My skills as a writer are, I fear, deficient. The thrust of my article is that Xinjiang is NOT going to transport the vast majority of its exploitable basic resources to Eastern China. It is going to use them locally, to make finished products, at costs well below current world market prices. Thus the transport issues become manageable, since you are mainly transporting high-value finished products, including petrochemicals, rather than coal. The market price of these petrochemical products, among projects I'm familiar with, runs to thousands of dollars per ton. The market price of coal in China? A bit over a hundred bucks per ton. Do the math. The Chinese have.
Good analogy, Italy. There are some similarities. Generally speaking, entrepreneurial companies are more innovative, dynamic, responsive to consumer needs than big ones. It's true in China. Italy. US. Japan, and so on.
Thanks for the excellent comments. Entrepreneurs in China are as good, or better, than anywhere else in the world, including Silicon Valley. But, corporate management still has a long way to go. It gets better by the day.
You are right. It could happen more often in the future. Maybe the percentage success rate will, indeed, rise above the paltry 15%. But, my purpose in writing was to focus on the huge disparity between the promise and reality of reverse merger transactions involving Chinese firms, and the very misaligned incentives. The "promoters" (a term I like) are getting rich on these deals, while causing a lot of misery for the firms involved. Sure, you can argue it's the Chinese companies' own fault, to let themselves be snookered. As I said, I choose not to see it that way. I don't think it's acceptable to do bad deals by hiding the reality of just how bad they are, statistically.
DHH, you must draw information and anecdotes from a very different well than I do. In a typical month, I meet bosses of a few dozen larger private Chinese companies. Never once have I had a Chinese boss, including over a dozen who've been recently preyed on by the reverse merger brokers, who are aware of this high failure rate. Just the opposite. The deals are pitched by bankers and advisors as "sure things". My advice: don't blame the victim.

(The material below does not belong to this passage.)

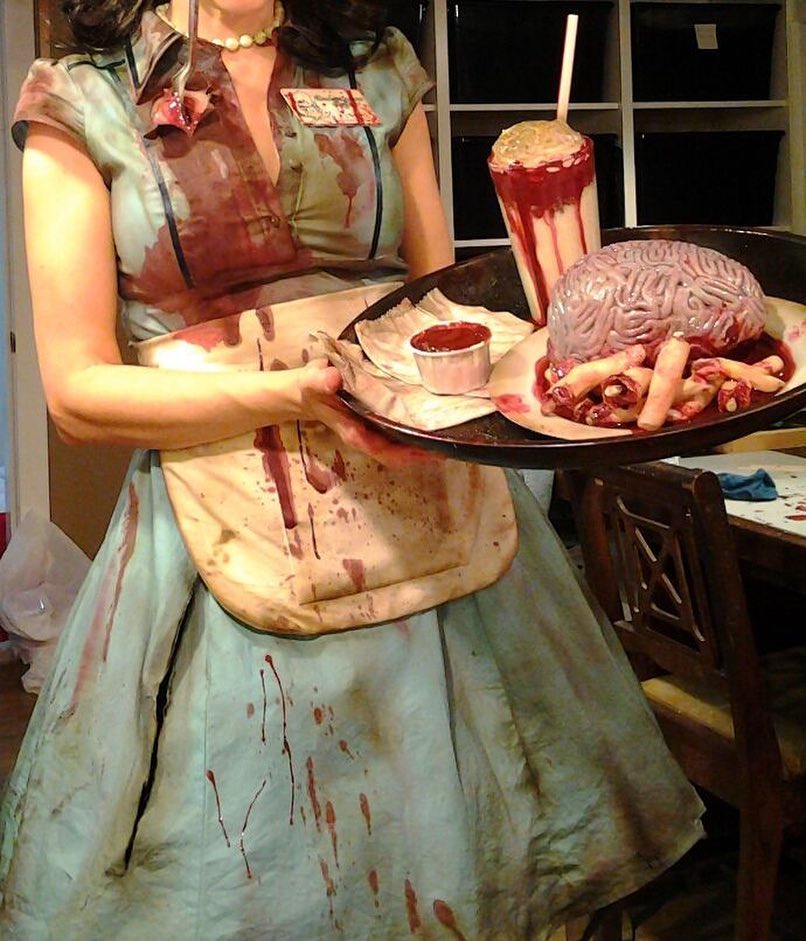 zombie pinup waitress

if China stopped buying our bonds (which they won't!) what do you think will happen? interest rates payable on those treasuries would need to go up , probably fractionally, to attract other buyers. this would actually be a good deal for savers, who are stuck earning very, very little when they buy US government obligations. it won't mean global or american economic collapse. it will mean a slight shift in favor of savers, over borrowers.